(Records from a data source)
= Beginning of Section =

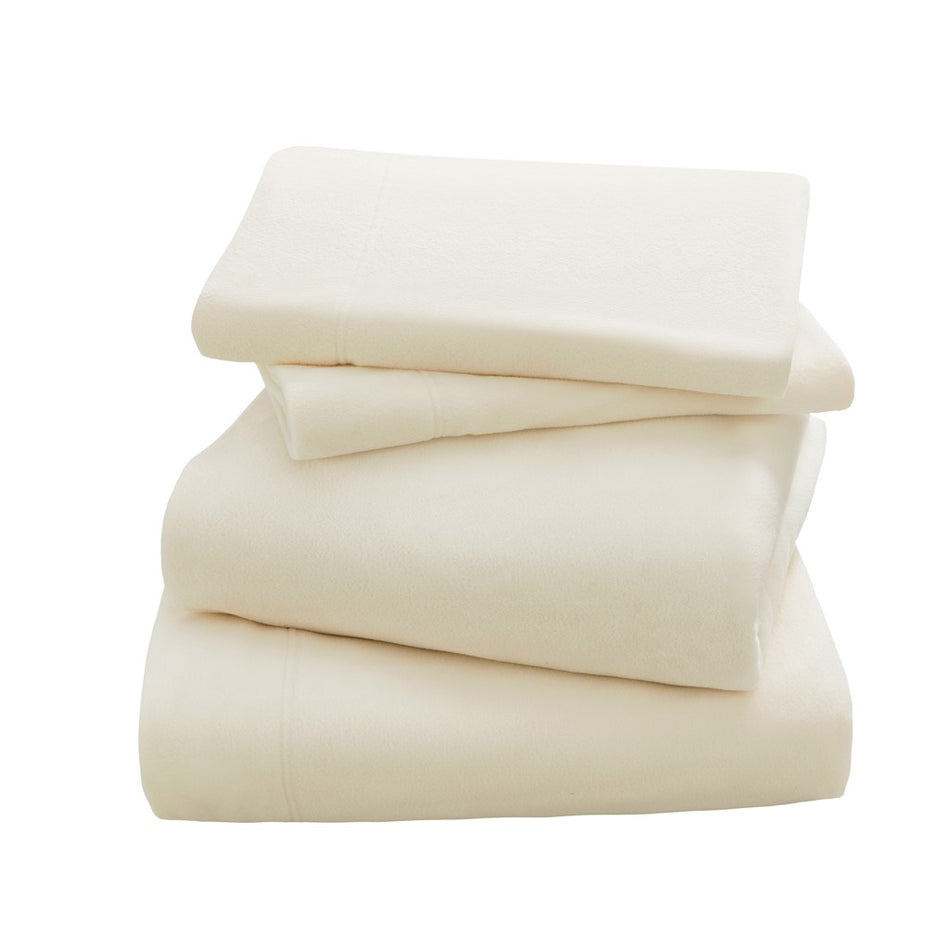 3M Scotchgard Micro Fleece Anti-Pill Sheet Set - Ivory - Queen Size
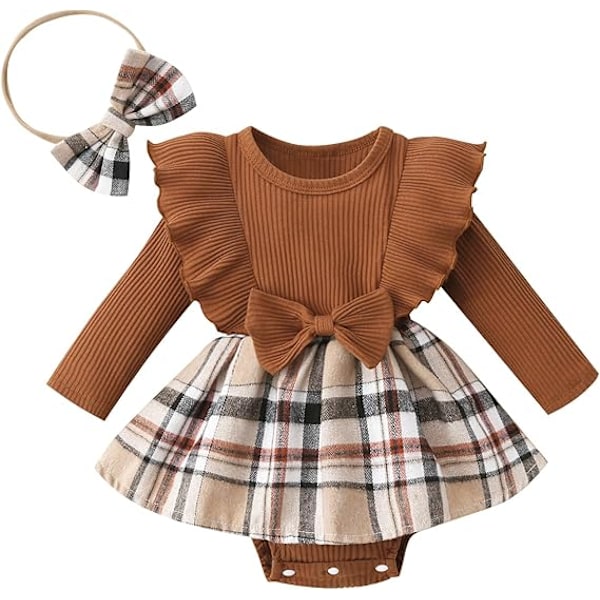 Babypige Efterårs- og Vintertøjssæt - Plaid Romper Kjole med Ruffler, Langærmet, Jumpsuit med Buespænd 9-12M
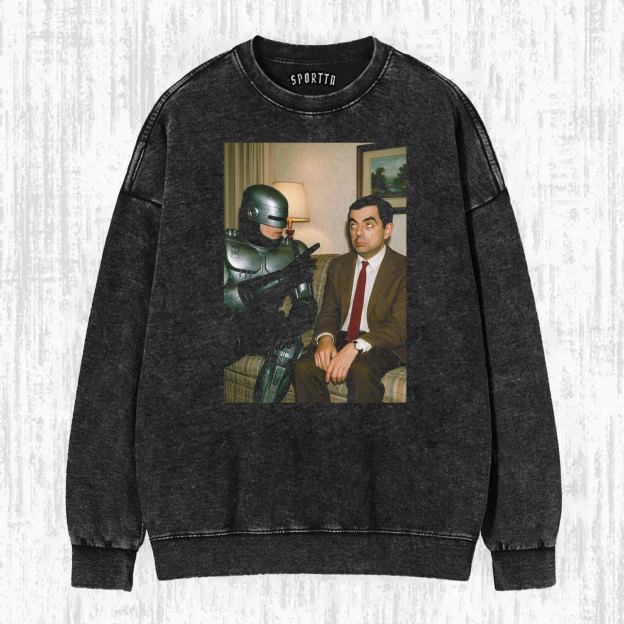 THE FANTASTIC CROSSOVER OF ROBOCOP AND MR. BEAN T-SHIRT-LASPORTN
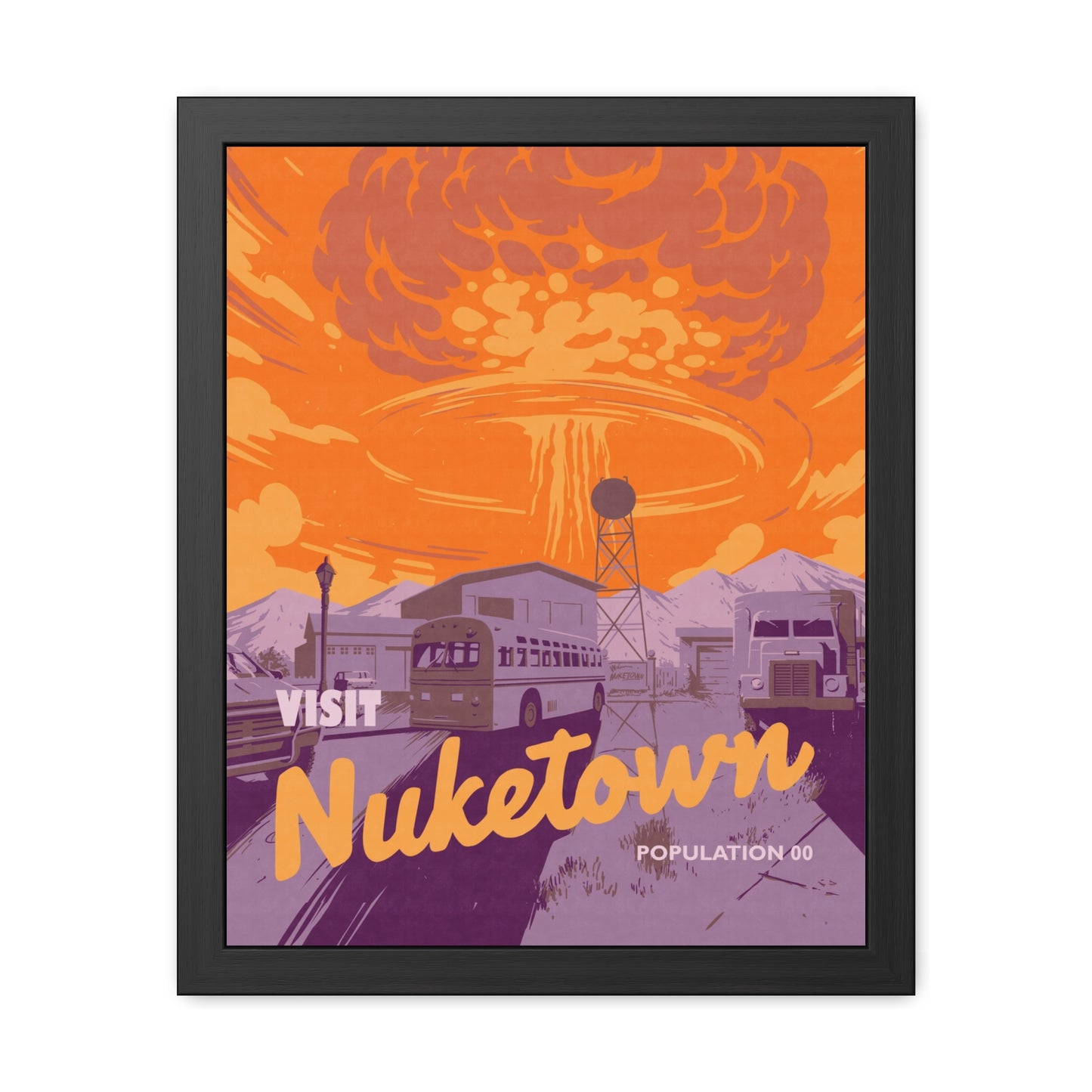 Visit Nuketown Travel Poster (Framed)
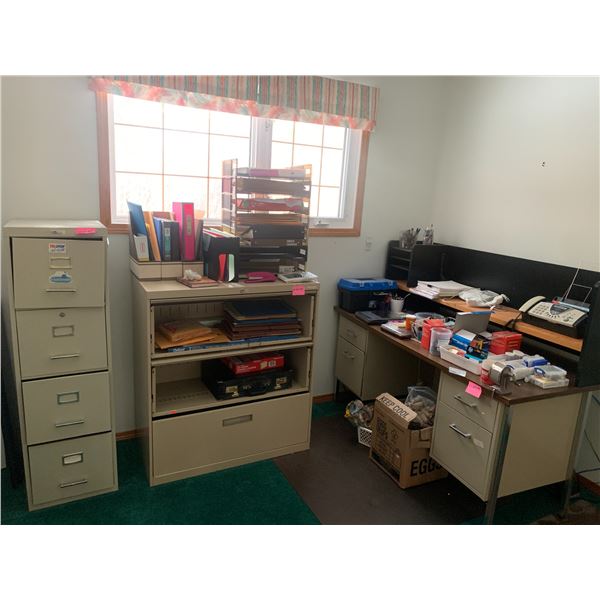 Complete Home Office w Stationary, Desk, 3 Filing (Filing
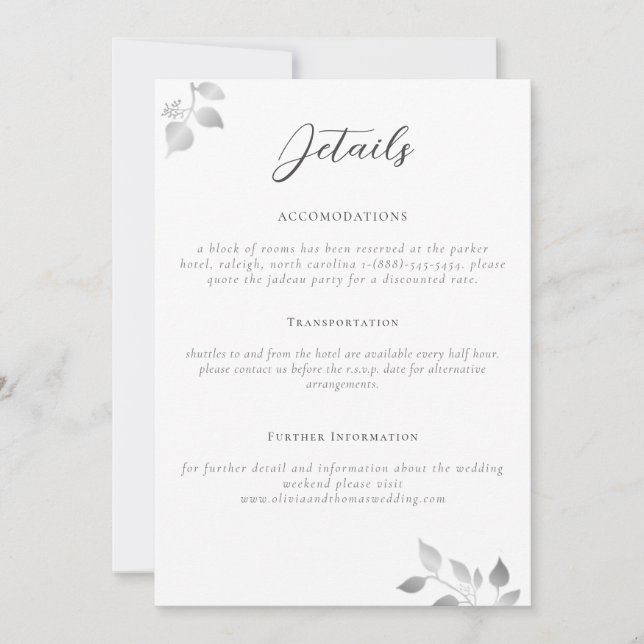 Elegant Eucalyptus Wedding Details Enclosure Card (Front)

= End of Section =

Beginning with the line that contains "Complete Home Office", output every line down to the last line of the entries above exactly as written, apart from the pictures.

▶ Your response:
 Complete Home Office w Stationary, Desk, 3 Filing (Filing
 Elegant Eucalyptus Wedding Details Enclosure Card (Front)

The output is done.